So it's a big problem for that side of the house, but it's also a problem as an end user, because all of my traffic now goes through San Francisco, which moving closer and closer to the speed of light is pretty powerful, but at some point, it's going to slow me down.

With this solution, we're taking advantage of Cloudflare's network. Quite frankly, it's ubiquity in all corners of the earth, including a data center here in Lisbon.

So my laptop is using a lightweight agent that we call Warp, which opens up a wire guard tunnel to, in this case, the Lisbon data center just down the street there, a few milliseconds away, and all of the features that we're talking about are enforced there in the Lisbon data center.

So there's not a good, better, best data center topology.

Every data center in every city that Cloudflare operates around the world, it's over a hundred countries, has all the features that we're describing, which means for me as an end user, the Internet not only is not slower, it can feel even faster because once that traffic hits that data center, as much as we can, we're going to accelerate it to its destination using what we know about the Internet.

But again, what's really important is that all of these filters, all of these policies are being applied there in the Lisbon data center, not back in San Francisco or for Daniele in London, that would be in our London data center.

And so that gives organizations both the removal of that hardware that they used to have to maintain, but also the end user experience is just phenomenal.

I think one thing you mentioned that I hadn't really thought of with this solution yet, but that makes a big difference, especially where you are in Europe is the sort of the hyper-localization or the regional services aspect, right?

So we've announced some controls where you can decide where your data gets processed.

And I think that's actually, as we look at what are the killer use cases of workers, for example, it's yes, the performance is cool.

And at some point maybe we're orchestrating flying cars or something from a local data center that's a couple of milliseconds away, but the ability to process that traffic in region and have very granular controls over that is really important in Europe in particular, but also around the world as companies want to decide where their data actually gets routed and processed.

And so that sounds like another advantage of DLP that maybe we can edit your blog post and add that in.

You mentioned Warp and I want to get to Daniele's stuff next, but I just want to round up with you.

Warp, you described how it leverages WireGuard, but what is the difference between Warp and Gateway?

Did we learn stuff from one or how do you think about that?

Well, the difference between Warp and Gateway is a point of confusion.

We are transparently trying to better elaborate because one is a kind of technology and an agent and the other is a product.

But Warp, which is one of my favorite named things in the Cloudflare product universe, Warp started a few years ago as a mobile agent for any user of the Internet.

So not a business, not a filtering tool or inspection tool, but an agent that I could run on my device that would open up this encrypted and performant tunnel from my device to Cloudflare data center for all of my traffic.

And a few advantages of that include, the application itself is literally just a single toggle.

It's a giant button in the middle of the screen.

So for people who might be less familiar with how to change the DNS settings on their resolver at home, but want a secure path to the Internet, they download the app and just click a single button and they're there.

Other advantages include using Cloudflare's global private backbone on a paid version, which would accelerate traffic even faster.

So getting you to your destination, not just using the Internet, but in a pace that is better than the Internet.

And that's been out and used by anyone who wants a faster, safer Internet for a couple of years now.

And what's been fantastic about having that in the hands of all these users who have a choice about how they connect to the Internet, right?

Like you want a fast connection to the Internet.
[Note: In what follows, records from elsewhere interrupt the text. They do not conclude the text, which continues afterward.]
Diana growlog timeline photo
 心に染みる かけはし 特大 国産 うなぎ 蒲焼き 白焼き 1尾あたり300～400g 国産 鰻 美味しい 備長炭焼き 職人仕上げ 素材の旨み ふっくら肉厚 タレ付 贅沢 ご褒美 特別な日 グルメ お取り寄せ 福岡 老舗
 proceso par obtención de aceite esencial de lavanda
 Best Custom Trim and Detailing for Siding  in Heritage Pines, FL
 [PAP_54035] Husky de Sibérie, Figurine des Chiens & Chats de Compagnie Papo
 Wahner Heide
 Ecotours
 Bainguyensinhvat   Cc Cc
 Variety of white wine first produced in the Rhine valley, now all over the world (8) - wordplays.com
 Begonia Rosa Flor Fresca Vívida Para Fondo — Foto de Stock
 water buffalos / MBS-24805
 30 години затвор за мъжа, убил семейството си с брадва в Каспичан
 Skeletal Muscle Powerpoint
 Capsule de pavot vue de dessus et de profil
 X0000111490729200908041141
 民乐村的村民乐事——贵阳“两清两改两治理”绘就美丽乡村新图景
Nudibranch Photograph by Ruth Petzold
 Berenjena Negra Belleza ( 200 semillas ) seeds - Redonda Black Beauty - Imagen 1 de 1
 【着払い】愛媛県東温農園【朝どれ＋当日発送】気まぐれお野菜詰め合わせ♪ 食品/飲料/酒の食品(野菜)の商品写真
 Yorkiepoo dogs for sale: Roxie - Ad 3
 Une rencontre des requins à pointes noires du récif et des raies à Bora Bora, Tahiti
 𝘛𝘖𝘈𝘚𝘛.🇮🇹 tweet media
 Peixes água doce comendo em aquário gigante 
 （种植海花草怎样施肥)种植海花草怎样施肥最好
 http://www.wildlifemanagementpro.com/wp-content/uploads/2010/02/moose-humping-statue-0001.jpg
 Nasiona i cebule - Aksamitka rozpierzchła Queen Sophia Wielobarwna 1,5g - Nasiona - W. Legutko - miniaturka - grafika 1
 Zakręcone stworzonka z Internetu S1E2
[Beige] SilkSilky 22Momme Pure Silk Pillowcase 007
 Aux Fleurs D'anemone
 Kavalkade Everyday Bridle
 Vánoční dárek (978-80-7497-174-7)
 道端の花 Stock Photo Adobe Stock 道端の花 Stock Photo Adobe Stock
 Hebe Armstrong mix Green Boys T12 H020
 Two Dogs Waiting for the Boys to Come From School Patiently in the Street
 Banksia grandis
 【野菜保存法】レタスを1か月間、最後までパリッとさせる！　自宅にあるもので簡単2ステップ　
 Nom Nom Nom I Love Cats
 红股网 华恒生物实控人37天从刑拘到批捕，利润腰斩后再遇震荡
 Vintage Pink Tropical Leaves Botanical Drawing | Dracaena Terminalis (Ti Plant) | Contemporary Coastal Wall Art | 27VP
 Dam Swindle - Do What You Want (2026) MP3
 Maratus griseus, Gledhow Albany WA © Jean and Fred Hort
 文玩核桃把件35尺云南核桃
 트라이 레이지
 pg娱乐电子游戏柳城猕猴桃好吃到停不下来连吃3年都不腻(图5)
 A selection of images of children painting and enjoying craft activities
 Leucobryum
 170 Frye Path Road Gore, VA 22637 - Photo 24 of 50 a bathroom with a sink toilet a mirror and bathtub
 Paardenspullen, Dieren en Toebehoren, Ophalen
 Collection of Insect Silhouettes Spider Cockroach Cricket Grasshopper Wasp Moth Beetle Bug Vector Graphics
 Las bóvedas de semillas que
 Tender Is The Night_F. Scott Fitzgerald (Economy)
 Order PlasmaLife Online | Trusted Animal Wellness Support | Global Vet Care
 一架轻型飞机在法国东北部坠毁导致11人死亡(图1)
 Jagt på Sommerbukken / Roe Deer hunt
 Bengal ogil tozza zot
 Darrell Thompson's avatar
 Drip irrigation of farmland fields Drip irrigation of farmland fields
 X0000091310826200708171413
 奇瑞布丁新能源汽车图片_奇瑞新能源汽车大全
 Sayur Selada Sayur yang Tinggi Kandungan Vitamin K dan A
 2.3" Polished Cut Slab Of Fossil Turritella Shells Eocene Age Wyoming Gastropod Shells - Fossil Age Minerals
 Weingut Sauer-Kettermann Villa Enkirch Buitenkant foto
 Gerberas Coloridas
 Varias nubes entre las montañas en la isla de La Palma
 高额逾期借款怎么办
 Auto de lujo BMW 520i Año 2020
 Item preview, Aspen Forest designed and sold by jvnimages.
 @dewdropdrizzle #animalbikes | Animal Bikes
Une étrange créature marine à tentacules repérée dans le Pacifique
You don't have to run any agent on your personal device.

This has given them a much more private, safer, faster Internet.

And it's also helped us understand where does that break down?

So what are the strange patterns of behavior for how certain carriers implement IPv6?

Or what happens when I go to a hotel and I'm back when we traveled in a captive portal, and that might cause issues for a tunnel out to the Internet.

And so we've been able to, based on all the feedback from users who want to be, and we love it, that are vocal when it works well and when it doesn't work well, we've been able to make a version that we can offer to the enterprise that even though it's a newer product in the Cloudflare offerings, it was launched, this version of it last October, it's built based on years of testing at scale, at a scale that enterprises don't operate in today, because there's just anyone out there on the Internet, to make that a better product.

And so we've been really thrilled to kind of be able to, from day one, offer organizations of any size a superior experience based on all of that data and all that feedback.

Yeah, I think that we talk about that internally as our superpower, right?

The ability to leverage that just extremely broad customer base we have, work out a lot of the kinks and incorporate the fixes into the product and streamline the user experience.

And if you can operate something for millions of people using it, it becomes a whole lot easier to put it in an enterprise organization with a much smaller number of users.

And so we definitely find those very obscure use cases. And I've seen some of those bug reports come in and I appreciate all the work that you and the engineering teams have done there.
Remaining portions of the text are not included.